[About this exercise] Copy only the lines between the one containing "antique rocker" and the end of the records, both included, leaving out pictures.

(Entries taken from a collection)
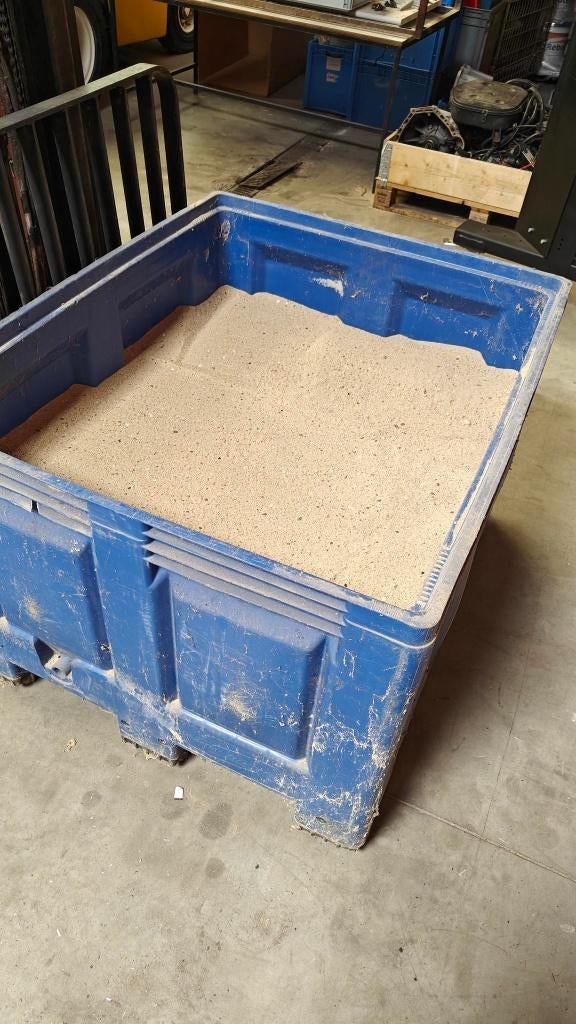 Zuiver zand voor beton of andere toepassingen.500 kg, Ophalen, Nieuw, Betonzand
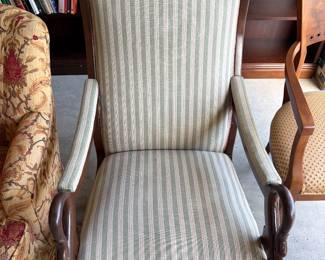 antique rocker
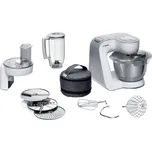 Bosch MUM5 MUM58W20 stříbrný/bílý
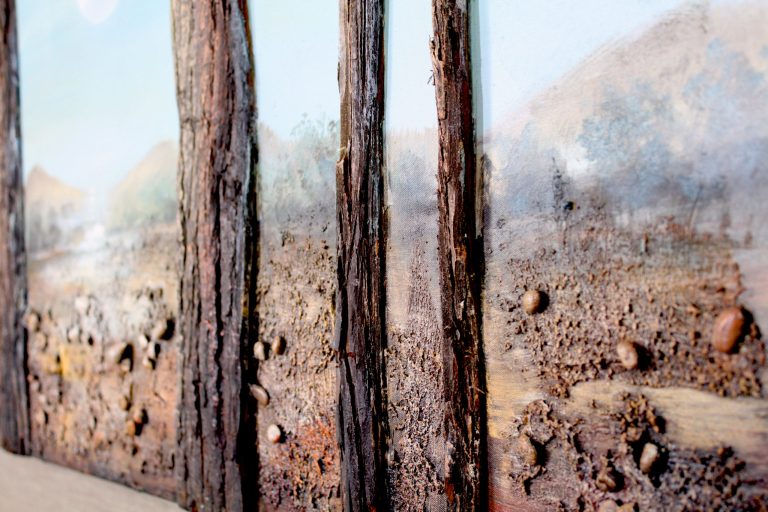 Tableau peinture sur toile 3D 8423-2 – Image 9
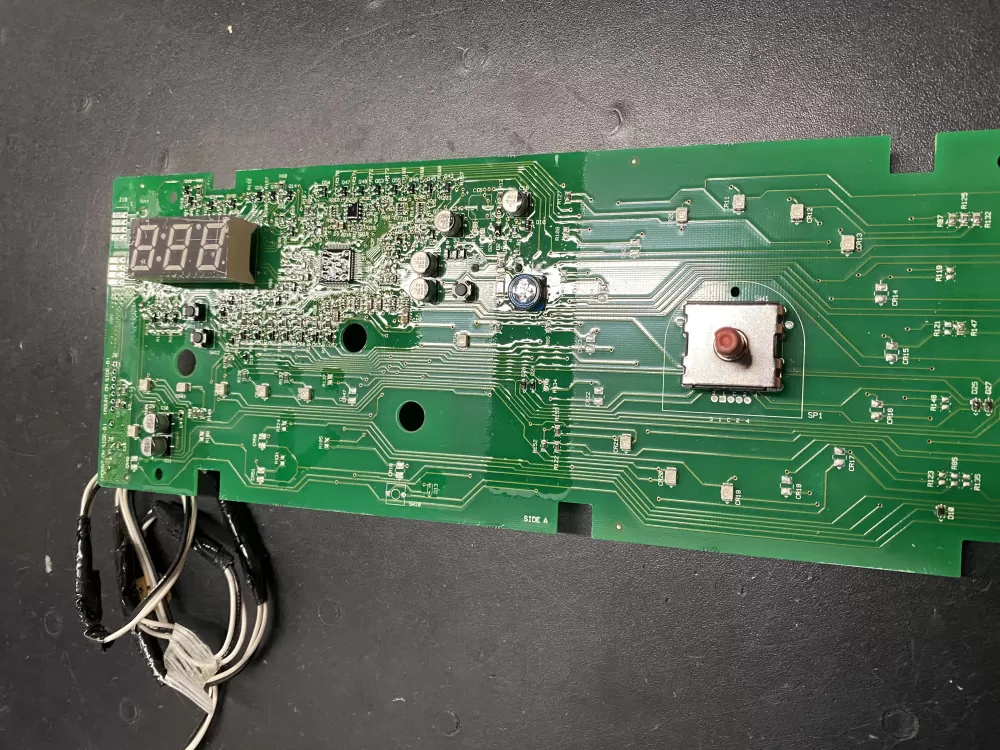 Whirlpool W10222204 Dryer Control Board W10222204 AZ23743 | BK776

[Answer below]
 antique rocker
 Bosch MUM5 MUM58W20 stříbrný/bílý
 Tableau peinture sur toile 3D 8423-2 – Image 9
 Whirlpool W10222204 Dryer Control Board W10222204 AZ23743 | BK776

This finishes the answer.